Monoamine oxidase A (MAO-A): a signature marker of alternatively activated monocytes/macrophages

Martha K Cathcart; Ashish Bhattacharjee

doi:10.14800/ics.161

. Author manuscript; available in PMC: 2015 Jun 5.

Published in final edited form as: Inflamm Cell Signal. 2014 Jun 30;1(4):e161. doi: 10.14800/ics.161

Monoamine oxidase A (MAO-A): a signature marker of alternatively activated monocytes/macrophages

Martha K Cathcart ¹, Ashish Bhattacharjee ²

PMCID: PMC4457461 NIHMSID: NIHMS688821 PMID: 26052543

Abstract

Monocytes/macrophages are versatile cells centrally involved in host defense and immunity. Th1 cytokines induce a classical activation program in monocytes/macrophages leading to a proinflammatory M1 macrophage phenotype while Th2 cytokines IL-4 and IL-13 promote monocyte differentiation into an alternatively activated, anti-inflammatory M2 macrophage phenotype.
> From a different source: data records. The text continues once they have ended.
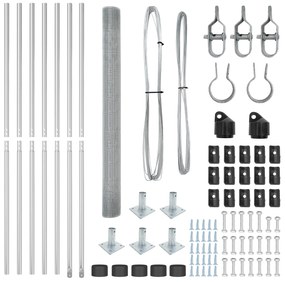 Conjunto de Postes de Cerca Conjunto de 2 Aço galvanizado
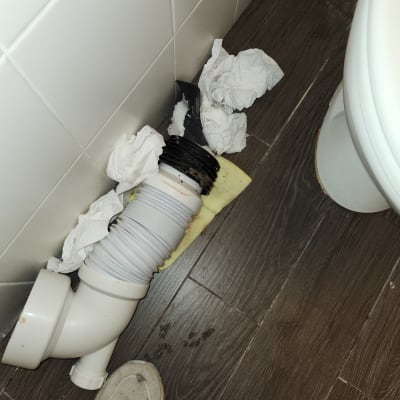 צינור ביוב מנותק עם ניירות טואלט סביבו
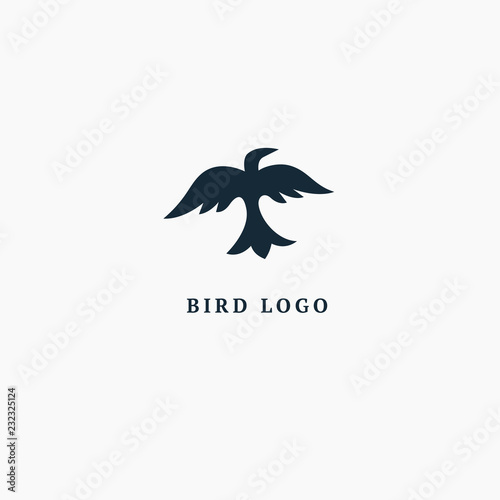 Bird silhouette logo. Vector abstract minimalistic illustration flying fowl. Pigeon icon. Zoo, pet shop, farm, bird feather, wild nature vector flat style logotype modern.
Although monoamine oxidase A (MAO-A) is primarily known for its action in the nervous system, several recent studies have identified MAO-A as a signature marker of alternative activation of monocytes/macrophages. In this brief review we explore the signaling pathways/molecules that regulate MAO-A expression in alternatively activated monocytes/macrophages. We further discuss the contribution of MAO-A to the resolution of inflammation and identify potential therapeutic targets for controlling inflammation. Altogether this review provides deeper insight into the role of MAO-A in alternative activation of monocytes/macrophages and their participation in the inflammatory response.

Introduction

Monocytes/macrophages are major mediators of inflammatory responses and play a key role in innate and adaptive immunity. Monocytes/macrophages can be broadly classified into two different categories based on their mode of activation. They are considered as (i) classically activated (M1 pro-inflammatory phenotype) when stimulated by LPS or IFN-γ^{[1, 2]} and (ii) alternatively activated (M2 anti-inflammatory phenotype) when induced by Th2 cytokines like IL-4 and IL-13, IL-10, TGF-β etc.^[3–5]. The M2 subset of monocytes/macrophages can be further divided into three different subcategories namely M2a, M2b and M2c; that have specialized functions and express different M2 marker genes^[5]. IL-4 and IL-13 activate monocytes/macrophages toward the M2a phenotype leading to the upregulation of several gene products involved in inflammatory resolution. Among the most strongly upregulated genes in IL-4/IL-13-activated monocytes/macrophages with potential anti-inflammatory properties are 15-lipoxygenase (15-LO), monoamine oxidase A (MAO-A), scavenger receptor CD36, fibronectin and coagulation factor XIII^[6–14].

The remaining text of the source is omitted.